The death of an elephant in Dahijoda forest in Jhapa has once again raised critical questions concerning the ongoing battle between humans and the constantly threatened wildlife in the region. This is the second case of an elephant’s death within a week. Despite continued success in other conservation areas, death and destruction incidents stand as a glaring reminder that not all is rosy when it comes to handling the delicate issue of conservation. While there were no visible signs of any physical injury on the elephant, scattered electrical wires within the vicinity of the dead tusker have raised suspicion that it was probably death by electrocution.
With the human population rising and demand for space continuing to grow, there is increased interaction between people and wildlife, leading to conflict. Animals searching for food often venture to the edge of human habitations and, lured by the availability of an easy meal, inadvertently fall into the traps set by humans, primarily designed to avert the destruction of their livelihood. Defensive and retaliatory measures such as setting up electrical fences will aggravate the situation. But conservation at the cost of displacing an existing human habitation is no solution to an ever-increasing crisis.
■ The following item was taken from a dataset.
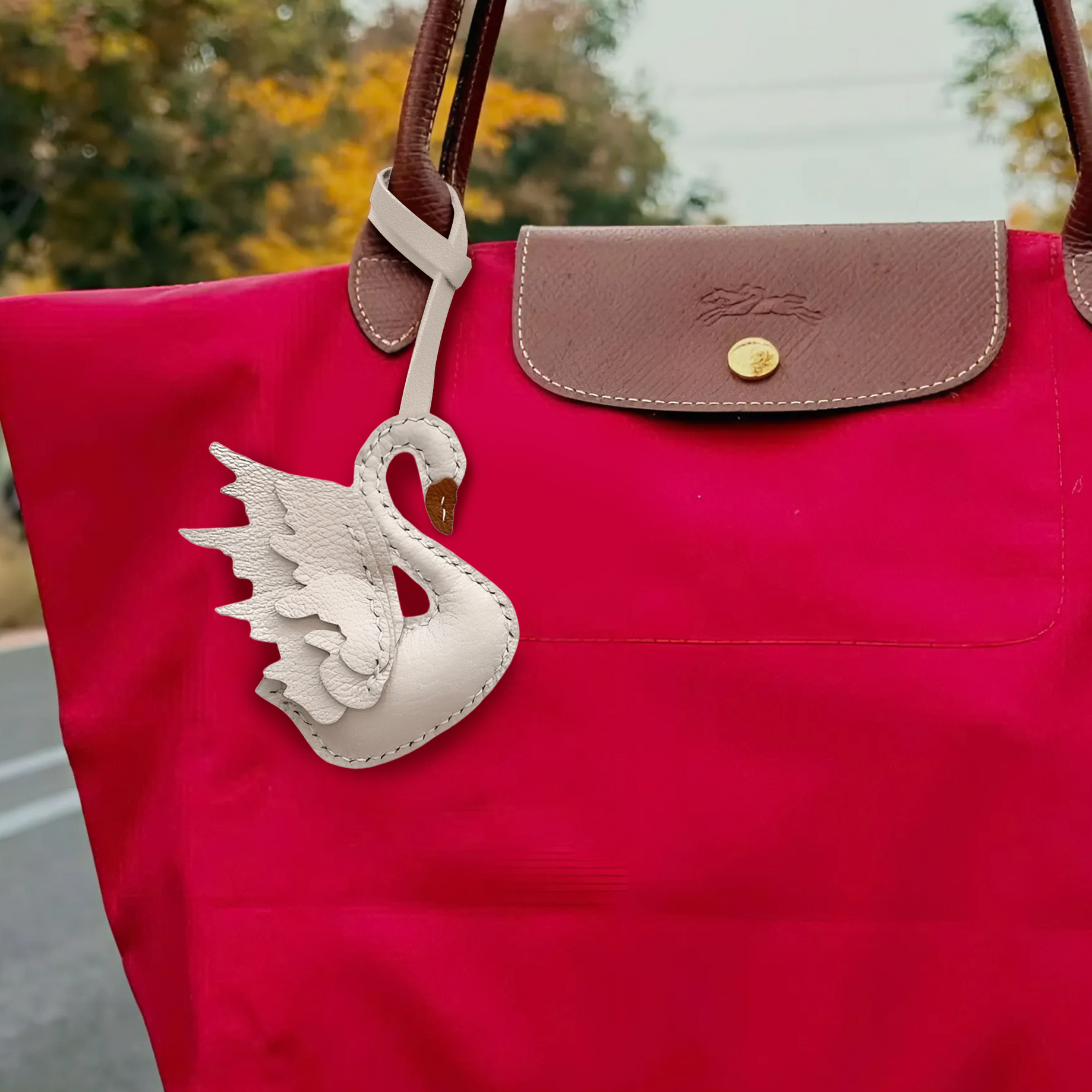 SWAN BAG CHARM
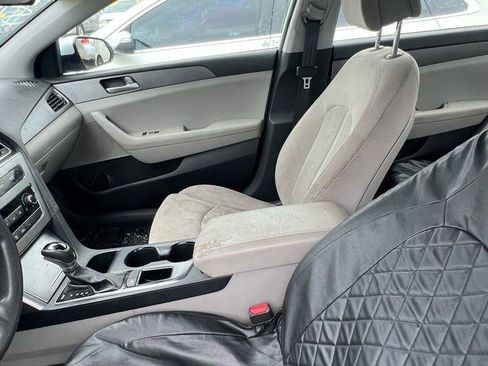 Used 2017 Hyundai Sonata SE FWD image 7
The conflict between humans and wildlife never ends on a cheerful note. While, on the one hand, Nepal has made significant strides in conserving wildlife such as tigers, rhinos and blackbucks, none of the measures has been without its fair share of conflict. Behind all the success and accolades, locals have had to bear the brunt of this saga. Statistics related to tiger attacks in Bardia show an increasing trend, which is directly proportional to the rising population of tigers in the region. A lopsided effort in maintaining wildlife habitats at the cost of human life and livelihood too does not bode well for the overall conservation effort.
While it is evident that continuous human-wildlife conflict could result in the eventual decline of the species or possible eradication at worst, the burden of conservation mismanagement generally tends to fall on those members of the communities that have often fallen below the poverty line and been deprived of access to economic opportunities. It is easy to root for the successes of an improved wildlife situation from the comfort of one’s urban setting, but perhaps a little thought towards those who must engage in this battle continually wouldn’t go amiss.
The question isn’t about the advantage accorded to one particular aspect at the expense of the other. It is undoubtedly a delicate balance to achieve. Conflicts between humans and wildlife have been part and parcel of our existence. Efforts must be directed towards reassessing the relationship with constant communication between the authorities and those that are directly impacted by the conservation measures. There can be no permanent solution, but we need to focus our efforts on minimising future conflicts.